Soc. 30 juin 2016, FS-P+B+R+I, n° 15-10.557

Depuis la loi n° 2013-1117 du 6 décembre 2013 relative à la lutte contre la fraude fiscale et la grande délinquance économique et financière, « aucune personne ne peut être […] sanctionnée, licenciée ou faire l’objet d’une mesure discriminatoire, directe ou indirecte, […] pour avoir relaté ou témoigné, de bonne foi, de faits constitutifs d’un délit ou d’un crime dont il aurait eu connaissance dans l’exercice de ses fonctions » (C. trav., art. L. 1132-3-3). Cette loi a donc permis d’offrir aux lanceurs d’alerte une protection contre le licenciement.

Les faits de l’affaire à l’origine de l’arrêt rapporté se sont produits avant l’entrée en vigueur de la loi du 6 décembre 2013, époque à laquelle les lanceurs d’alerte ne bénéficiaient donc d’aucune protection particulière. En l’espèce, un salarié, engagé en qualité de directeur administratif et financier par une association, avait dénoncé au procureur de la République les agissements d’un membre du conseil d’administration et du président de l’association. Licencié pour faute lourde, il a saisi la juridiction prud’homale pour obtenir la nullité de ce licenciement.

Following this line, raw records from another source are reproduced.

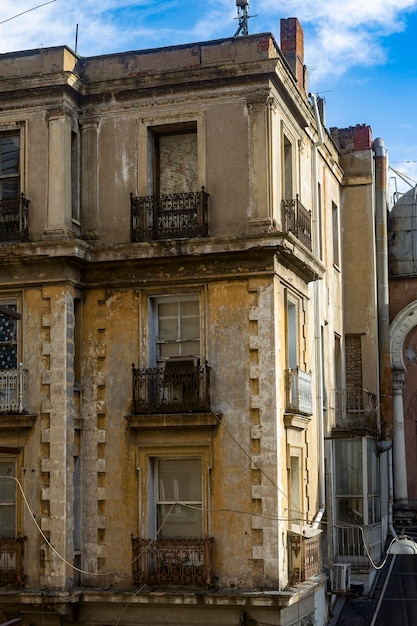Un vieux bâtiment avec un petit balcon avec revêtement jaune des fils du bâtiment dans la ville d'Istanbul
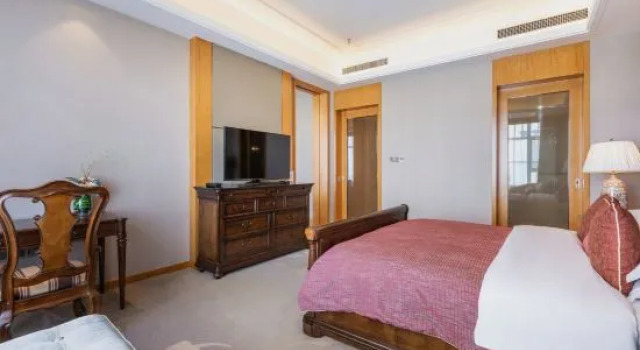 Люкс Deluxe Yining Beauty Hotel (Liuxing Street Scenic Area Airport Store)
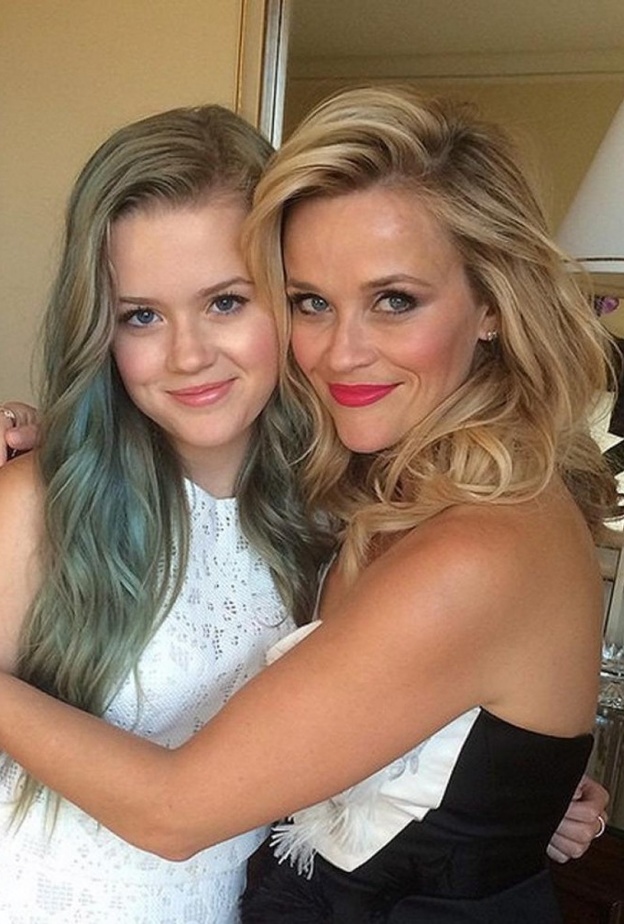  ريس ويذرسبون وابنتها إيفا فيليب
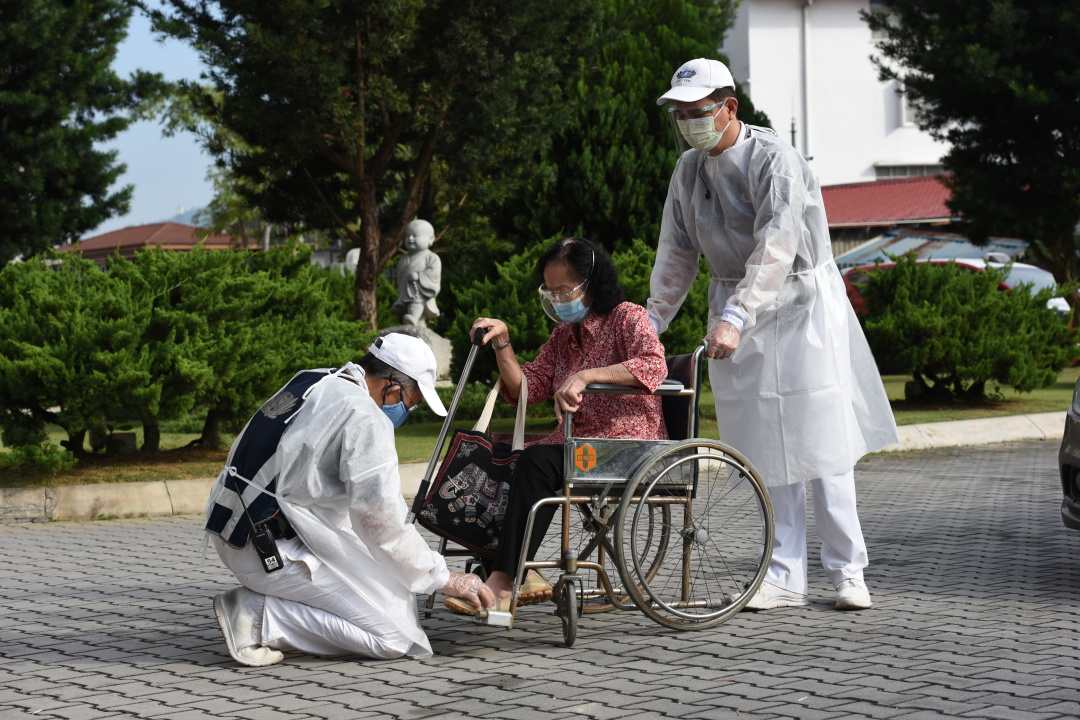 长达两个多月的日子，吉隆坡慈济静思堂疫苗接种中心上演了一出出暖心的温馨故事。 【摄影：陈德铭】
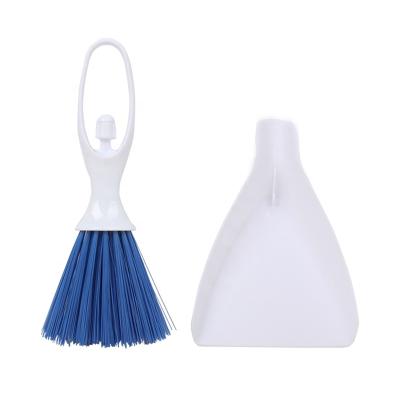 China Factory Wholesale Car Detailing Cleaning 2 in 1 Car Interior Detailing Brush Dust Brush Cleaner Air Condintioner Brush for sale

La cour d’appel a considéré le licenciement sans cause réelle et sérieuse mais a refusé de reconnaître la nullité, au motif que l’article L. 1132-3-3 du code du travail n’était pas applicable aux faits de l’espèce et qu’il n’existait donc aucun texte permettant d’obtenir cette nullité.

La chambre sociale confirme la solution s’agissant de l’absence de cause réelle et sérieuse, en rappelant que « le fait pour un salarié de porter à la connaissance du procureur de la République des faits concernant l’entreprise qui lui paraissent anormaux, qu’ils soient au non susceptibles de qualification pénale, ne constitue pas en soi une faute ». Elle casse toutefois l’arrêt sur la question de la nullité du licenciement. Elle estime en effet, au visa de l’article 10, § 1, de la de la Convention européenne des droits de l’homme, qu’« en raison de l’atteinte qu’il porte à la liberté d’expression, en particulier au droit pour les salariés de signaler les conduites ou actes illicites constatés par eux sur leur lieu de travail, le licenciement d’un salarié prononcé pour avoir relaté ou témoigné, de bonne foi, de faits dont il a eu connaissance dans l’exercice de ses fonctions et qui, s’ils étaient établis, seraient de nature à caractériser des infractions pénales, est frappé de nullité ».

Cette solution n’est guère étonnante. Dès 1988, la chambre sociale avait déjà pris le parti d’élargir le champ de la nullité du licenciement aux licenciements portant atteinte à un droit ou une liberté fondamentale. De plus, en 2013, la Cour a estimé qu’« en raison de l’atteinte qu’il porte à la liberté fondamentale de témoigner, garantie d’une bonne justice, le licenciement prononcé en raison du contenu d’une attestation délivrée par un salarié au bénéfice d’un autre est atteint de nullité, sauf en cas de mauvaise foi de son auteur ». La solution du 30 juin 2016 conforte donc cette évolution en inscrivant par ailleurs sa jurisprudence dans la droite ligne de celle dégagée par la Cour européenne des droits de l’homme, pour qui les sanctions prises à l’encontre de salariés ayant critiqué le fonctionnement d’un service ou divulgué des conduites ou des actes illicites constatés sur leur lieu de travail constituent une violation à leur droit d’expression au sens de l’article 10-1 de la Convention.